Il nous parait ainsi nécessaire d’identifier les fondements idéologiques qui orientent les choix en matière de politique d’intégration des populations migrantes, d’identifier les fondements historiques et anthropologiques d’une relation particulière de la société française à ses immigrés maghrébins, avant d’identifier les points d’achoppement entre systèmes anthropologiques allogène et autochtone. L’enjeu de ce premier chapitre est donc de montrer comment l’idéologie et les concepts de l’histoire républicaine ont longtemps produit des impensés empêchant la constitution de l’immigration en objet sociologique – et même historique – ; ou a minima, comment ils ont engendré des « prêt-à-penser » ou des figures dominantes des migrants conditionnant la manière dont la communauté maghrébine peut s’inscrire dans la communauté nationale.

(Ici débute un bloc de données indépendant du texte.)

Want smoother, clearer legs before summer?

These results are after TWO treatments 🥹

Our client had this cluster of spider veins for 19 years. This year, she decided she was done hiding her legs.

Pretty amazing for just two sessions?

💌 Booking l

Le regard scientifique naît d’un lieu, d’une époque, en somme d’un contexte qui « rend possibles certaines recherches par le fait de conjonctures et de problématiques communes. Mais il en rend d’autres impossibles »101. Il nous faut maintenant décortiquer ce contexte avant de pouvoir opérer la séparation entre le politique et le sociologique dans un deuxième chapitre.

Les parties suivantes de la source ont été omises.